Clancy's discography with the chorus includes 22 albums of popular, jazz, barbershop, and inspirational music. Also under his direction VM produced the DVD, A Vocal Majority Christmas, released in 2003. As guest conductor with the Mormon Tabernacle Choir, Clancy combined the Utah ensemble with VM in a joint album, Voices In Harmony, for CBS Masterworks. He has also performed on stage with many artists including Jimmy Dean, Bob Flanigan, The Four Freshmen, John Gary, Lee Greenwood, The Lettermen, Johnny Mann, The Oak Ridge Boys, and The Suntones.

In October, 2000, Clancy was honored by the Barbershop Harmony Society Southwestern District when a new trophy was unveiled and named in his honor as the Jim Clancy Chorus Champion Award.

Clancy served as the principal arranger and executive producer of the chorus' latest audio recordings, Freedom's Song, Love Songs By Request, VM X and The Vocal Majority With Strings – Volume II.

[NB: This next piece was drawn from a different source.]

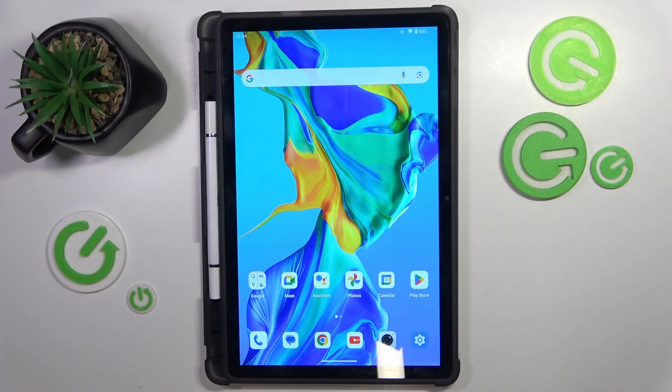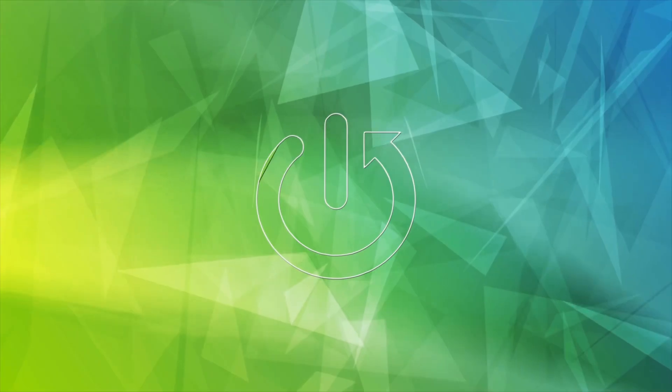Hello, in this video I will check if the Oukitel OT11 does have a screen recording feature.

In November 2013, Greg Clancy, Jim Clancy's son, was named Musical Director of Vocal Majority. Greg joined Vocal Majority at the age of twelve, and literally grew up studying under the direction of his father.

Greg's accomplishments in the a cappella world are numerous. Greg currently holds the Barbershop Harmony Society's record for total number of gold medals won – 13 chorus gold medals (with VM) and one quartet gold (with Max Q). Greg sang tenor with Class of the 80's, Gatsby and Dealer's Choice and currently sings in Max Q, the 2007 BHS International Quartet Champion. Greg has coached several award-winning barbershop choruses, including Ambassadors of Harmony, Masters of Harmony, Toronto Northern Lights and Chicago's Northbrook Chorus.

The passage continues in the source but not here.